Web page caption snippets
————
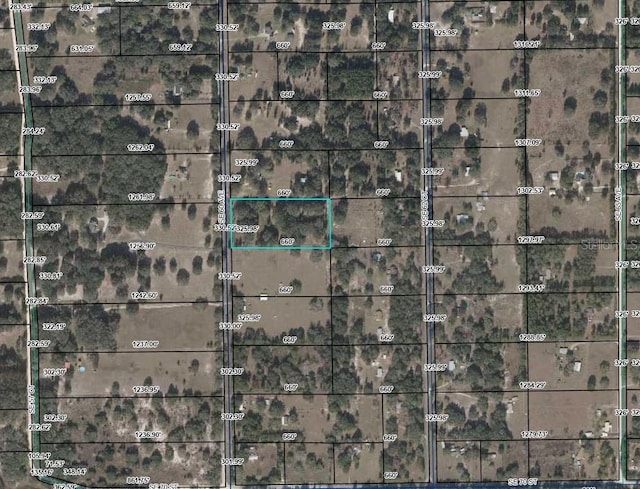 SE 60th Ave, Trenton, FL 32693 - photo 3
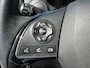 Mitsubishi Space Star 1.0 Intense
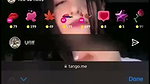New Tango video collection – 110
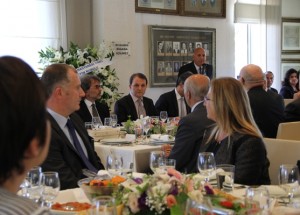 Vakıflara mülk iadesinde yeni düzenleme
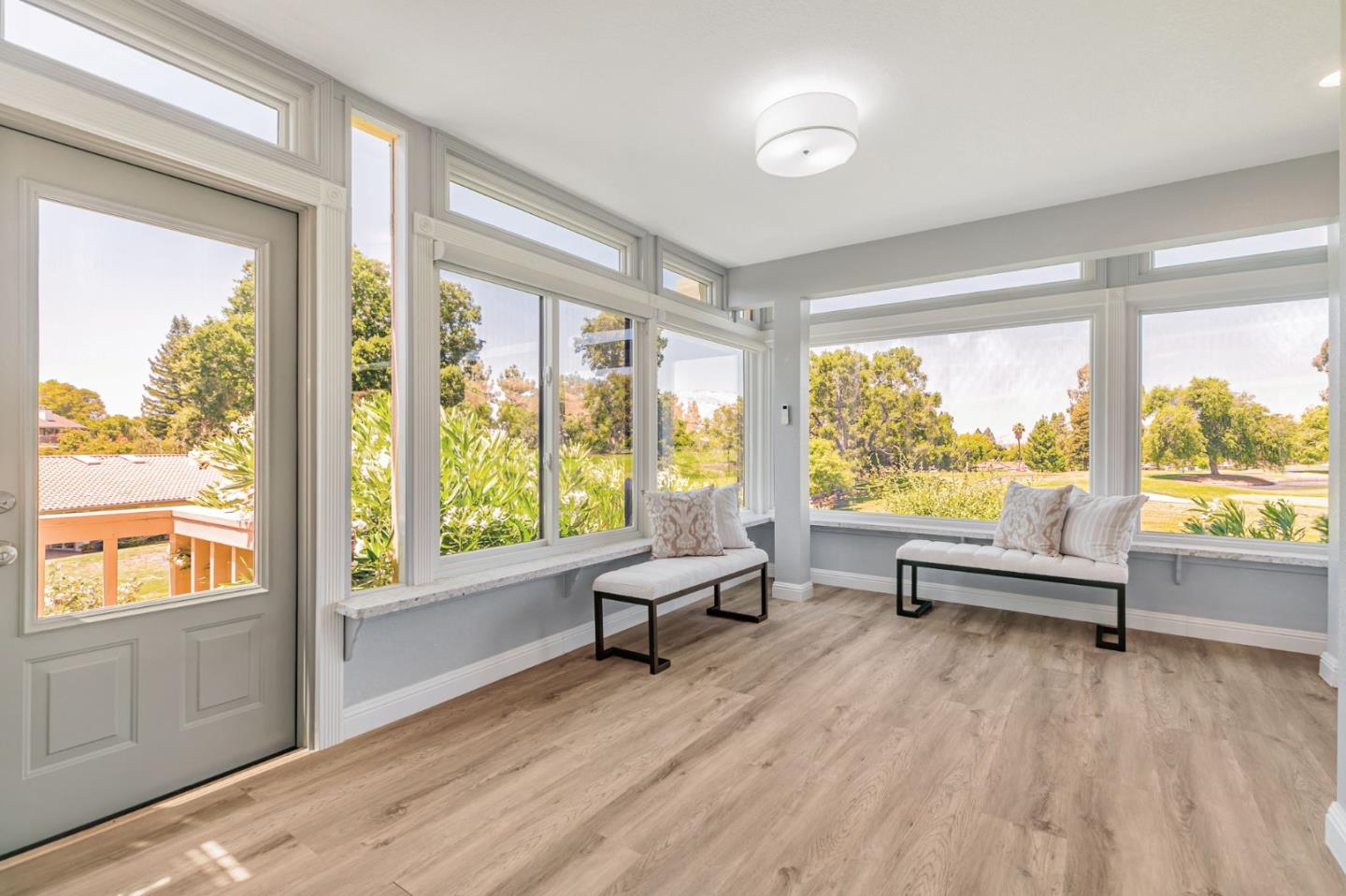 Detail Gallery Image 31 of 49 For 8377 Riesling Way, San Jose,  CA 95135 - 2 Beds | 2 Baths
————
_Instructions for the task_.
Write out the data in full and exactly as given, though without the images.

_Solution to the problem_.
 SE 60th Ave, Trenton, FL 32693 - photo 3
 Mitsubishi Space Star 1.0 Intense
New Tango video collection – 110
 Vakıflara mülk iadesinde yeni düzenleme
 Detail Gallery Image 31 of 49 For 8377 Riesling Way, San Jose,  CA 95135 - 2 Beds | 2 Baths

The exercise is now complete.